Statistical analysis method
The results obtained are expressed as means ± SEM. Repeated measures analysis of variance (ANOVA) was calculated for rotarod and for the learning phase of the MWM. Individual comparisons were calculated using Tukey's comparison test where appropriate. The grip test, motor activity, probe data, MNCV, and reaction time were analyzed by one-way ANOVA. All computations were made using the SPSS software package version 16.0 (IBM, Armonk, NY, USA) and difference with P values less than 0.05 were considered statistically significant.
RESULTS
Since no significant differences were found between saline and pistachio groups, data are presented as saline group.
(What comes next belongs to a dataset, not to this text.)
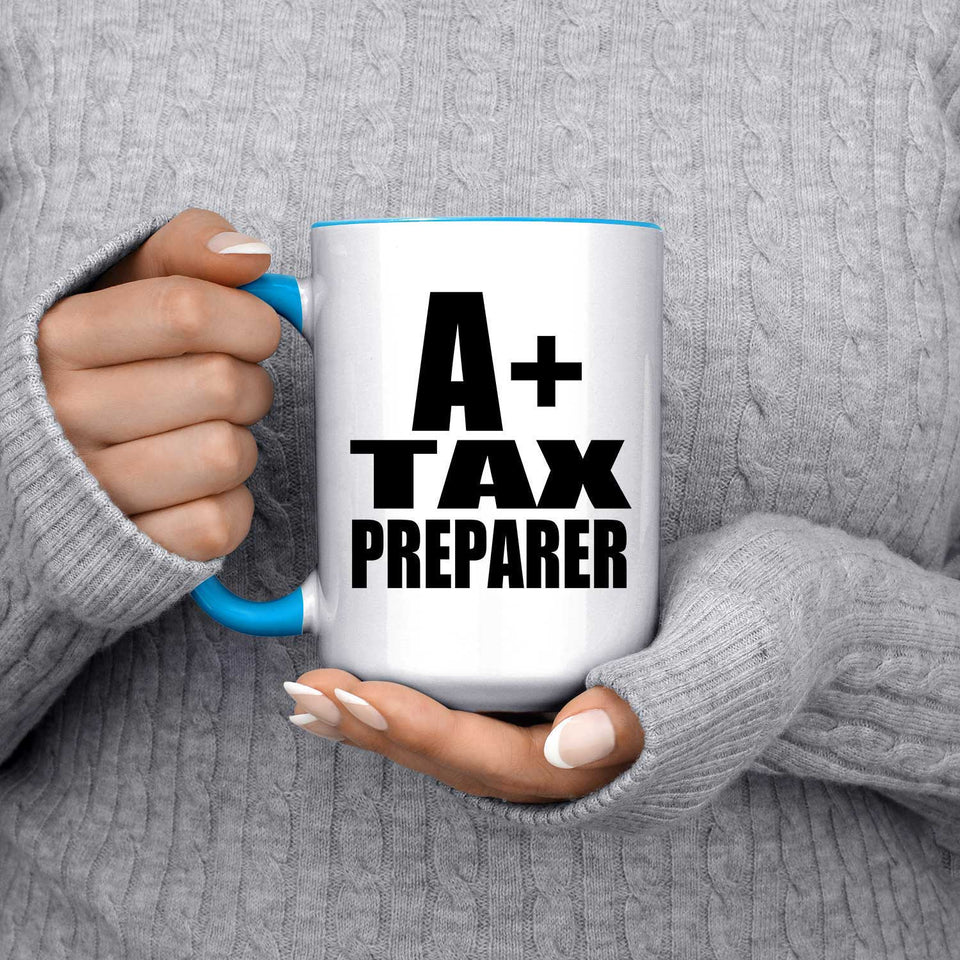 A+ Tax Preparer - 15oz Accent Mug Blue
Effects of pistachio, vincristine, and cisplatin on muscle coordination and balancing
Cisplatin (P < 0.05) and vincristine (P < 0.01) induced a significant reduction in the latency-to-fall parameter of the grasping test compared to the saline group. Animals in the cisplatin plus pistachio group showed an increased latency to fall in grasping test compared to the cisplatin group (P < 0.01) [Figure 1a]. Moreover, in the vincristine plus pistachio group, animals showed an increased latency to fall compared to the vincristine group (P <0.01) [Figure 1a].
Cisplatin (P < 0.001) and vincristine (P < 0.05) induced a significant reduction in the time spent on the accelerating rotarod, compared to saline. Cisplatin plus pistachio group did show a decrease in time spent on the rod compared to saline (P < 0.01), although a lesser decrease in time was observed compared to the cisplatin group indicating a better motor balance compared to cisplatin-treated rats [Figure 1b]. The vincristine plus pistachio group showed no significant differences from the saline group: In fact, in this group, pistachio reversed the effect of vincristine [Figure 1b].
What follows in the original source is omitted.